Domingo, 27/09/2015
SER
PARCEIRO DO BEM
XXVI DOMINGO DO TEMPO
COMUM ANO “B”
I
Primeira Leitura: Nm 11,25-29
Naqueles dias, 25o Senhor desceu na nuvem e falou a
Moisés. Retirou um pouco do espírito que Moisés possuía e deu aos setenta
anciãos. Assim que repousou sobre eles o espírito, puseram-se a profetizar, mas
não continuaram. 26Dois homens, porém, tinham ficado no acampamento. Um
chamava-se Eldad e o outro Medad.

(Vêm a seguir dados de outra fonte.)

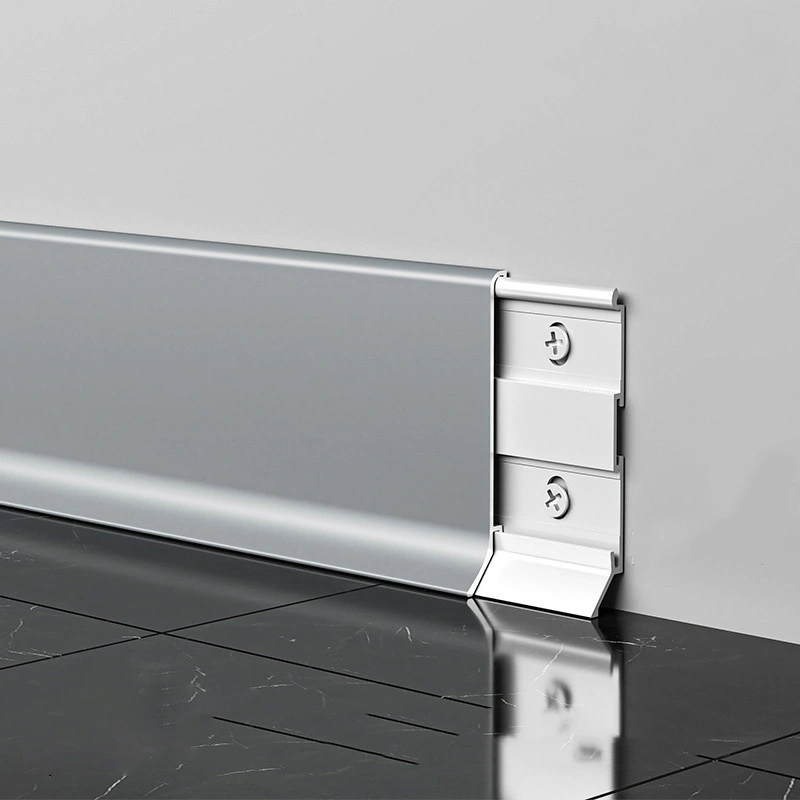 Aluminum Alloy Cream Style Ultra-Narrow Skirting Board 1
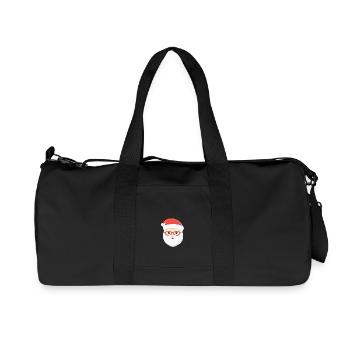 Santa Claus - illustration - Recycled Canvas Sports Bag by Stanley/Stella - black - Front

O espírito repousou igualmente sobre os dois,
que estavam na lista mas não tinham ido à Tenda, e eles profetizavam no
acampamento. 27Um jovem correu a avisar Moisés que Eldad e Medad estavam profetizando
no acampamento. 28Josué, filho de Num, ajudante de Moisés desde a juventude,
disse: “Moisés, meu Senhor, manda que eles se calem!” 29Moisés respondeu: “Tens
ciúmes de mim? Quem dera que todo o povo do Senhor fosse profeta e que o Senhor
lhe concedesse o seu espírito!”
II
Segunda Leitura: Tg 5,1-6
1E agora, ricos, chorai e gemei, por causa das desgraças que
estão para cair sobre vós. 2Vossa riqueza está apodrecendo, e vossas roupas
estão carcomidas pelas traças. 3Vosso ouro e vossa prata estão enferrujados, e
a ferrugem deles vai servir de testemunho contra vós e devorar vossas carnes,
como fogo! Amontoastes tesouros nos últimos dias. 4Vede: o salário dos
trabalhadores que ceifaram os vossos campos, que vós deixastes de pagar, está
gritando, e o clamor dos trabalhadores chegou aos ouvidos do Senhor
todo-poderoso. 5Vós vivestes luxuosamente na terra, entregues à boa vida,
cevando os vossos corações para o dia da matança. 6Condenastes o justo e o
assassinastes; ele não resiste a vós.
Evangelho:
Mc 9,38-43.47-48
Naquele tempo, 38João disse a Jesus: “Mestre, vimos um
homem expulsar demônios em teu nome. Mas nós o proibimos, porque ele não nos
segue”. 39Jesus disse: “Não o proibais, pois ninguém faz milagres em meu nome
para depois falar mal de mim. 40Quem não é contra nós é a nosso favor. 41Em
verdade eu vos digo: quem vos der a beber um copo de água, porque sois de
Cristo, não ficará sem receber a sua recompensa. 42E, se alguém escandalizar um
destes pequeninos que creem, melhor seria que fosse jogado no mar com uma pedra
de moinho amarrada ao pescoço. 43Se tua mão te leva a pecar, corta-a! É melhor
entrar na Vida sem uma das mãos, do que, tendo as duas, ir para o inferno, para
o fogo que nunca se apaga. 45Se teu pé te leva a pecar, corta-o! É melhor
entrar na Vida sem um dos pés, do que, tendo os dois, ser jogado no inferno. 47Se
teu olho te leva a pecar, arranca-o! É melhor entrar no Reino de Deus com um
olho só, do que, tendo os dois, ser jogado no inferno, 48‘onde o verme deles
não morre, e o fogo não se apaga’”.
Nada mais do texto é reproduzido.